* [WHAT TO PRODUCE]: Each line from the one that has "부스 전시 스탠드 a 40a 3D 모델" through the end of the entries below must be written out exactly; leave out all other lines.

** Opening EXCERPTED DATA block **

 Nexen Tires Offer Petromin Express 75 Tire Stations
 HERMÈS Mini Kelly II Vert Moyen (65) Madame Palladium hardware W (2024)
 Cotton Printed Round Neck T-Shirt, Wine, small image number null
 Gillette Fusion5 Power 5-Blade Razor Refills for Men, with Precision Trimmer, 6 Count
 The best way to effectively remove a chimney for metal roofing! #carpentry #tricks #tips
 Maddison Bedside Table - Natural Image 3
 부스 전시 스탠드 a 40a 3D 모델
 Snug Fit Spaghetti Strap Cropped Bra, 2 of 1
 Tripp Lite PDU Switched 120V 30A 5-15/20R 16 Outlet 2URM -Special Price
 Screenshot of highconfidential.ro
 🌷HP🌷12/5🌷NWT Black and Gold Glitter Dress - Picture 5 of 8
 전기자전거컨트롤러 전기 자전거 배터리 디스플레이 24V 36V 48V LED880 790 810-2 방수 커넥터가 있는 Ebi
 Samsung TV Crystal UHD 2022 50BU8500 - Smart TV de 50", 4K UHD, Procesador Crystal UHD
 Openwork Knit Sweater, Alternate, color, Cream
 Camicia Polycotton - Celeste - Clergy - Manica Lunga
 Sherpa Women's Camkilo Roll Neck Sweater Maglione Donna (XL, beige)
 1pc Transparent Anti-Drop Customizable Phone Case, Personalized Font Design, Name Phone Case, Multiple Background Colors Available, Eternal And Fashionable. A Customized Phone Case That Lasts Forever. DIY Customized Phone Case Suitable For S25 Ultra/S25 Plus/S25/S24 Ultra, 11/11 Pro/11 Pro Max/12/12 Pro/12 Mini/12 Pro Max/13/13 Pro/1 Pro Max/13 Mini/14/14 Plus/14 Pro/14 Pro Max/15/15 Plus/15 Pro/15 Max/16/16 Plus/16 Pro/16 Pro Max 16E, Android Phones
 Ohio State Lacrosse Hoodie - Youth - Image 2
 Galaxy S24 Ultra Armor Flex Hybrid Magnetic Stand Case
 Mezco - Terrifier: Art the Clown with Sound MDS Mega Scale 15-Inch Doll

** Closing EXCERPTED DATA block **

* [RESPONSE TO THE TASK]:
 부스 전시 스탠드 a 40a 3D 모델
 Snug Fit Spaghetti Strap Cropped Bra, 2 of 1
 Tripp Lite PDU Switched 120V 30A 5-15/20R 16 Outlet 2URM -Special Price
 Screenshot of highconfidential.ro
 🌷HP🌷12/5🌷NWT Black and Gold Glitter Dress - Picture 5 of 8
 전기자전거컨트롤러 전기 자전거 배터리 디스플레이 24V 36V 48V LED880 790 810-2 방수 커넥터가 있는 Ebi
 Samsung TV Crystal UHD 2022 50BU8500 - Smart TV de 50", 4K UHD, Procesador Crystal UHD
 Openwork Knit Sweater, Alternate, color, Cream
 Camicia Polycotton - Celeste - Clergy - Manica Lunga
 Sherpa Women's Camkilo Roll Neck Sweater Maglione Donna (XL, beige)
 1pc Transparent Anti-Drop Customizable Phone Case, Personalized Font Design, Name Phone Case, Multiple Background Colors Available, Eternal And Fashionable. A Customized Phone Case That Lasts Forever. DIY Customized Phone Case Suitable For S25 Ultra/S25 Plus/S25/S24 Ultra, 11/11 Pro/11 Pro Max/12/12 Pro/12 Mini/12 Pro Max/13/13 Pro/1 Pro Max/13 Mini/14/14 Plus/14 Pro/14 Pro Max/15/15 Plus/15 Pro/15 Max/16/16 Plus/16 Pro/16 Pro Max 16E, Android Phones
 Ohio State Lacrosse Hoodie - Youth - Image 2
 Galaxy S24 Ultra Armor Flex Hybrid Magnetic Stand Case
 Mezco - Terrifier: Art the Clown with Sound MDS Mega Scale 15-Inch Doll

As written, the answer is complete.